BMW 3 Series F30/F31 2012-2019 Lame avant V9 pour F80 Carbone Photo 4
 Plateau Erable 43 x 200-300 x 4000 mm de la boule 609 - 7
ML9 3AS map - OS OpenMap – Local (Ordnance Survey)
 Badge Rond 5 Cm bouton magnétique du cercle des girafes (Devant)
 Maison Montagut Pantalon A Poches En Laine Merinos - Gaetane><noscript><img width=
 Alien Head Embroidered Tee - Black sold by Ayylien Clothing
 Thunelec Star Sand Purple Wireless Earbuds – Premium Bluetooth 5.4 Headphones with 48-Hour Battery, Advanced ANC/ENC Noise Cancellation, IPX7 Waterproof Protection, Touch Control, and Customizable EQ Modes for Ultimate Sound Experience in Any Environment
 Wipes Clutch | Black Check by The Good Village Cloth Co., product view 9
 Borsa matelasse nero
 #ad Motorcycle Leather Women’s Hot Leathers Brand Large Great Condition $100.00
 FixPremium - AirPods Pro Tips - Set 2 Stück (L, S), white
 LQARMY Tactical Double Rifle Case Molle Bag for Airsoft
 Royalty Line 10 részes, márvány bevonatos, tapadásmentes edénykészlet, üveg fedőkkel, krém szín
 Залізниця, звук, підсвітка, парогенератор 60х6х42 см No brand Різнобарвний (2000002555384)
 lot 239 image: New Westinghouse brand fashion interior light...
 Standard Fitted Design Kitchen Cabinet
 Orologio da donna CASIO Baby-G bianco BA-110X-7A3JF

::::::::::

What to do: Work out how many lines in the material above hold the word "Black"; answer with the number only.

Exercise answer: 2